Posted 2019-May-29, 16:47
I play in ACBLand, where the weak 1N opening is a minority approach. However, locally two of our Grand Life Masters (Doug and Sandra Fraser) play the 11-14 1N in 1st and 2nd, and for a few years I was in a serious partnership with one of them, and both have had an influence on other players locally so perhaps it is more common where I live than most places in the Pacific NW.
In any event, informed both by my experiences playing weak 1N (10-12, 11-13, 11-14, in different expert partnerships over the past 25 years), and in playing against the weak 1N, mostly at imps, I would never give up on the penalty double in direct seat, by an unpassed hand. I have seen a lot of numbers obtained by the penalty double, although one needs to have a good agreement about follow-ups when they run, as they often do (I generally play that they cannot declare 2H or below undoubled, and that our side's first double after the penalty double is take-out oriented....if advancer has no stomach for defending, he runs from the initial double).
My advice, further, is not to stretch with the penalty double. When I played weak notrumps, I always smiled internally when I heard, as I often did, opponents saying, when finding out our range......'ok, double shows top of their range or better', especially when playing 10-12. While occasionally we'd go for a number, the light doubles often caused advancer to run when he should have passed, and even more often backfired when responder had at least half of the remaining values.
The reality is that when the values are roughly equal between the pairs, the side that gets to 1N first is usually the winner when the hands are balanced. Thus if they open 1N on 12-14 and you have 13, the odds are pretty good that you are in a bad position. Maybe at mps that is an argument for acting...if you're already getting a bad board, being wrong to act only costs you a little. But at imps, this is when disaster threatens, sometimes going for a number against a part-score or (even worse) going for a number when they would be down is a normal game.

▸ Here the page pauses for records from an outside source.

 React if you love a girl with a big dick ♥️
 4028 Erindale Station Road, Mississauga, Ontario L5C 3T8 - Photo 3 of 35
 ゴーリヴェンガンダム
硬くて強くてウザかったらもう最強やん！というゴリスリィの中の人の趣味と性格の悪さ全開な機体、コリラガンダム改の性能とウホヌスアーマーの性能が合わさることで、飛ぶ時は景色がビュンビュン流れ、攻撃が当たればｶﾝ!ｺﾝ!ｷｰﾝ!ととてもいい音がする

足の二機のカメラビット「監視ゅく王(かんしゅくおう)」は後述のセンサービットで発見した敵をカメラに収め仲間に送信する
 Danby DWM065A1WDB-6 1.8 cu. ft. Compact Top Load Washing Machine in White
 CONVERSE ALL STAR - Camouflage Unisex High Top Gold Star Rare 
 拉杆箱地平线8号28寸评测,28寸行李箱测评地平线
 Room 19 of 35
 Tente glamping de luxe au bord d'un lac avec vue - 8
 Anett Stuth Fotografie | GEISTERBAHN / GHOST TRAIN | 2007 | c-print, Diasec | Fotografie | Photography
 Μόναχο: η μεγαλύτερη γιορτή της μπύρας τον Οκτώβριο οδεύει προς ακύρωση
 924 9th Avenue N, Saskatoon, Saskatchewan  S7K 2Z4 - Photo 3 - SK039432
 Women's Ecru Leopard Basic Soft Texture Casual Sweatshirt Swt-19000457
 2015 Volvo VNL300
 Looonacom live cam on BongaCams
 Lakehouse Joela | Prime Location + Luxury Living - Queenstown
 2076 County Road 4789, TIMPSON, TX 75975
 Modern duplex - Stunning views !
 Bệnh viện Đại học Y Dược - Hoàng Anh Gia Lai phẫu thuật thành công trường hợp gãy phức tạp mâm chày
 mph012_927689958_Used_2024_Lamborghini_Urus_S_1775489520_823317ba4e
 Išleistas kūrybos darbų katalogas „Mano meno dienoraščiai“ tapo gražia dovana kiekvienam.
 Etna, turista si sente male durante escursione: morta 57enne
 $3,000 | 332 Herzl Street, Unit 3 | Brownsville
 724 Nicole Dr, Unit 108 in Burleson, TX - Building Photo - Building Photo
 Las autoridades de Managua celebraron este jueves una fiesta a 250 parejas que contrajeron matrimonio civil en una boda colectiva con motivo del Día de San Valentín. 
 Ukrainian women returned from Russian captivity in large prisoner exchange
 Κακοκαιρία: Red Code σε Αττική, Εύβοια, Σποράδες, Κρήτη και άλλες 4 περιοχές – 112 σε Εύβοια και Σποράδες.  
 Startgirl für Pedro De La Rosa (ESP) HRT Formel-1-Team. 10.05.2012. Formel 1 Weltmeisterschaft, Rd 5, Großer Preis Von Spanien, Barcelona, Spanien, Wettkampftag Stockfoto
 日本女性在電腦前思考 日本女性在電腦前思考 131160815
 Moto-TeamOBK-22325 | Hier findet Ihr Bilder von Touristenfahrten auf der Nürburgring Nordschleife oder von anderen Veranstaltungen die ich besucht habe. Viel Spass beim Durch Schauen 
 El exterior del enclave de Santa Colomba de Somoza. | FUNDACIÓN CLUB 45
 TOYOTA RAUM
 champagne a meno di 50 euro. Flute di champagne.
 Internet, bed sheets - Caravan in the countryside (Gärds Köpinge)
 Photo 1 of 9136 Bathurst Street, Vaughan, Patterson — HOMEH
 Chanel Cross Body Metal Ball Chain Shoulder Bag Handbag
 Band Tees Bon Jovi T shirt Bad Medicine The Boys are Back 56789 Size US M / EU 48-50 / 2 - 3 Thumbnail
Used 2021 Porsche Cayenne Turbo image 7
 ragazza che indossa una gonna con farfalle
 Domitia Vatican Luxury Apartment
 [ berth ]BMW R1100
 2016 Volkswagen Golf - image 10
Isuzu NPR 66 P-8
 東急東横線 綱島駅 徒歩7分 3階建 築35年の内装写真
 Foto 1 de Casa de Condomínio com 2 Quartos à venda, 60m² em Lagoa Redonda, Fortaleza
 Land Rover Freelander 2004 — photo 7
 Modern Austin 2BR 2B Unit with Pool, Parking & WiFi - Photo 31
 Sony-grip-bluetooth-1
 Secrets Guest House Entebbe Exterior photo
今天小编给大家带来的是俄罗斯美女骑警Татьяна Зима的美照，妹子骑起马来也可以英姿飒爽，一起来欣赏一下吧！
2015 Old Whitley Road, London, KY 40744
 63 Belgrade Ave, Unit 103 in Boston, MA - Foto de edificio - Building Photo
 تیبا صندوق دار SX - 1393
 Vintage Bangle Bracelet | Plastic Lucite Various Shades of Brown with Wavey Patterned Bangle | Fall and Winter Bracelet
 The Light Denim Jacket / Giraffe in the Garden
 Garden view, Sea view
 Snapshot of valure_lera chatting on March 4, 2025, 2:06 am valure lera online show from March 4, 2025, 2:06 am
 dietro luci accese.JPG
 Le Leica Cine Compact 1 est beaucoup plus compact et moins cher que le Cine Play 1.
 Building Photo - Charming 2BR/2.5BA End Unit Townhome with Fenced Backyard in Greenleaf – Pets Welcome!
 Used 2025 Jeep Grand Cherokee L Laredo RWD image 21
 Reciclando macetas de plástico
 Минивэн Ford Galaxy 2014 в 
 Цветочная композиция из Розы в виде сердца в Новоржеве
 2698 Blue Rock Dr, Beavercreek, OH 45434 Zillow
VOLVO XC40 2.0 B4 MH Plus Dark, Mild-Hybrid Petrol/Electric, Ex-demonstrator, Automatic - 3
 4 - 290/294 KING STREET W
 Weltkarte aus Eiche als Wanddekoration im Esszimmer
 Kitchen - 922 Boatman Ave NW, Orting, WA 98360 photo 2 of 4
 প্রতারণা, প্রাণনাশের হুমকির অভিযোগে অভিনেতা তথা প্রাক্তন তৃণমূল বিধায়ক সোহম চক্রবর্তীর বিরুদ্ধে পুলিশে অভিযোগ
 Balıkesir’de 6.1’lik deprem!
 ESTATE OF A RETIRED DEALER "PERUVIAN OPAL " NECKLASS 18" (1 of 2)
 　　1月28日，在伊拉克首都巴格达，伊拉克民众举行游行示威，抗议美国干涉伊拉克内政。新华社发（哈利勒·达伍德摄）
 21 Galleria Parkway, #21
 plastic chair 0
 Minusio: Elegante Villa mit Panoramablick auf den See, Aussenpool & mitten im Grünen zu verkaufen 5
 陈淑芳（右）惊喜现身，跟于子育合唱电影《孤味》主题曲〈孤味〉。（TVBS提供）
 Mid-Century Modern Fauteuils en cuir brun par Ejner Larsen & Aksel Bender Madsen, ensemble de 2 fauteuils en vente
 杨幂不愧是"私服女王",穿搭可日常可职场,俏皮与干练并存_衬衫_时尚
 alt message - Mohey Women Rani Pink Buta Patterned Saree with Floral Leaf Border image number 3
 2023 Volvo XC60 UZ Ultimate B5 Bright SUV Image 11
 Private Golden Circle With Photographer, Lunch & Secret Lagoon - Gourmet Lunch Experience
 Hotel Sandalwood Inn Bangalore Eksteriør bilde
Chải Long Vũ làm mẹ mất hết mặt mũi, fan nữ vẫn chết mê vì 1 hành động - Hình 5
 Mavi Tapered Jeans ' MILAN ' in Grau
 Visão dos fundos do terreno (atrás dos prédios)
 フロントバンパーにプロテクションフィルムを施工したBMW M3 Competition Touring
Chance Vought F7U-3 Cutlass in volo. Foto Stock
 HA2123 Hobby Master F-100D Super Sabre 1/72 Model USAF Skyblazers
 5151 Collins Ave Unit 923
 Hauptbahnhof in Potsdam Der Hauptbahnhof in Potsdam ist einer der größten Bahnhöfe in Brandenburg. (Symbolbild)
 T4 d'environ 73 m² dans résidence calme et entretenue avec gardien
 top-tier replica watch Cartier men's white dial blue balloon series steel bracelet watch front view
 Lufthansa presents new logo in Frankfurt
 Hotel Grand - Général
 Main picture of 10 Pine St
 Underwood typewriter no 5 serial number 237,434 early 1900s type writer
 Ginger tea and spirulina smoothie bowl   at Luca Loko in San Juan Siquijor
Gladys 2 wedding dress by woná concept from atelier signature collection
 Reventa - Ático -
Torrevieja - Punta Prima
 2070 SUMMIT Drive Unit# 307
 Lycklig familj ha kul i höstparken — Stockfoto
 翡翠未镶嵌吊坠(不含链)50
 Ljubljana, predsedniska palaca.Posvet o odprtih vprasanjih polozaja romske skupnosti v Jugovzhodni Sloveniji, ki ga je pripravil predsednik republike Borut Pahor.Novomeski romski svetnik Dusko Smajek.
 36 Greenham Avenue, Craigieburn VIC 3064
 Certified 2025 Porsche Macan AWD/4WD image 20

So my advice is that, especially at imps, have a penalty double in your arsenal, and have it start 'above' their range...against 12-14 I suggest 15, but obviously some 14's are worth it: Axx KQJ9x Ax xxx is a double for sure.
I have tried various defences: the one I have used for some years now has double as penalty, 2C majors, 2D/H transfers, 2S minors, and 2N a good hand with a long minor, suggesting a source of tricks and some values in case partner can take a shot at 3N. When we have a 14 count or so with a 6 card minor, the odds are that we don't want to defend 2M, doubled or undoubled, very often so we avoid that via the 2N bid, which of course partner often pulls to a p/c 3C. Note that 3N often makes our way on fewer than 'normal' hcp, because one can often play nearly double-dummy on these auctions.
by a passed hand, in the unlikely event one wants to get into the auction, or in balancing seat, the only change is that double shows a good, in context, long minor, and 2N shows a 2N opening hand.
'one of the great markers of the advance of human kindness is the howls you will hear from the Men of God' Johann Hari
-- Double = 4=M + 5+m
-- 2♣ = ♥ + ♠
-- 2♦ = 6+M
-- 2♥ = 5=♥ + 4+m
-- 2♠ = 5=♠ + 4+m
-- 2N = ♣ + ♦
-- 3m = 6+ natural'
+++++++++++++++++++++++++++
IMO, Pescetom's agreements are fine. Paradoxically: Double showing 4M & 5+ m should result in more successful doubles of 1N than a strong penalty double (which is less frequent). Apollo1201 seems right that it's not much of a stretch to double on this hand, treating ♥s as 4-card. With an enormous balanced hand (much stronger than this one), I think you also have to double, anyway -- and then improvise with 2N or whatever. So double is always a bit ambiguous.